-- Exercise details --
Below are entries with pictures in them. Output exactly the lines starting at the line with "Carretilla elevadora Heli CPD25" and ending at the line with "51 Blakney Creek", both included, but not the pictures.

-- Task inputs --
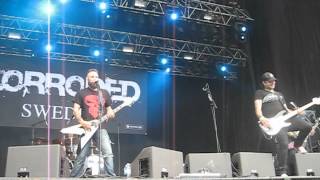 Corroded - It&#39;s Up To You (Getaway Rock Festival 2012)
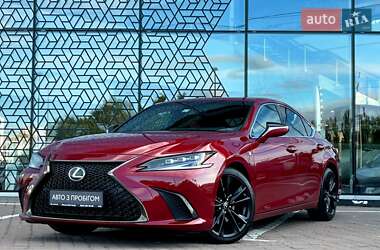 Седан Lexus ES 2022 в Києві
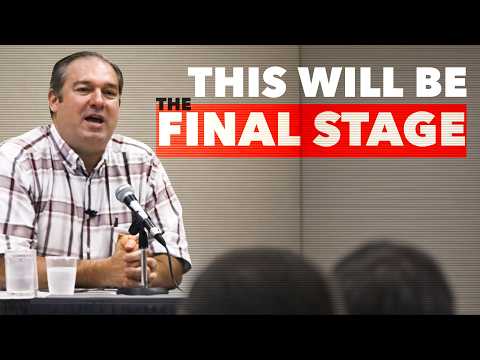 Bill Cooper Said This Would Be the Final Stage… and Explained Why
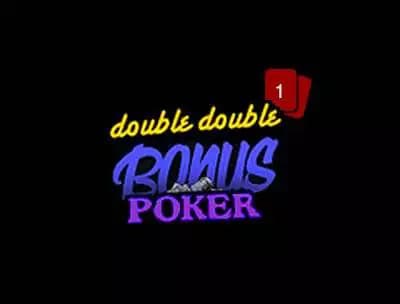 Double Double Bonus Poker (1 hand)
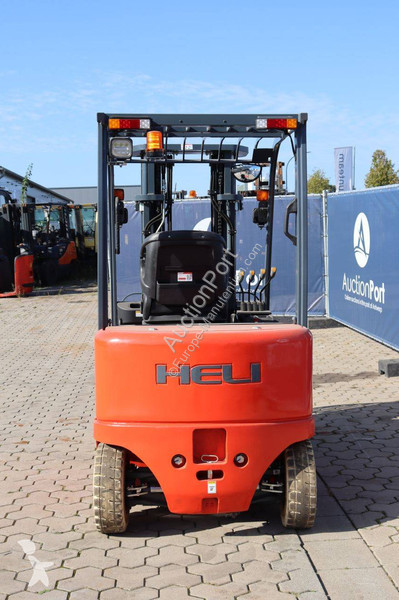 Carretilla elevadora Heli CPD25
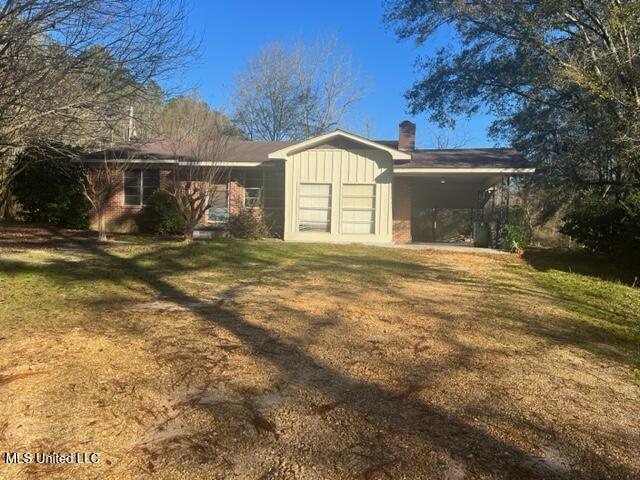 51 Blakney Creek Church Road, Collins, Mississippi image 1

...

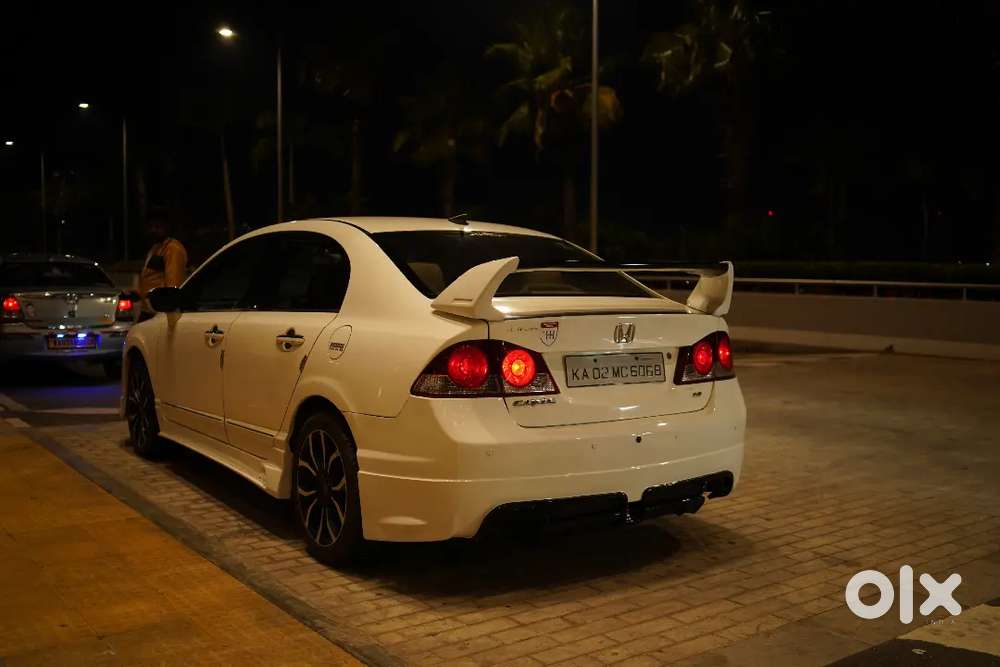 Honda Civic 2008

-- Result of this exercise --
 Carretilla elevadora Heli CPD25
 51 Blakney Creek Church Road, Collins, Mississippi image 1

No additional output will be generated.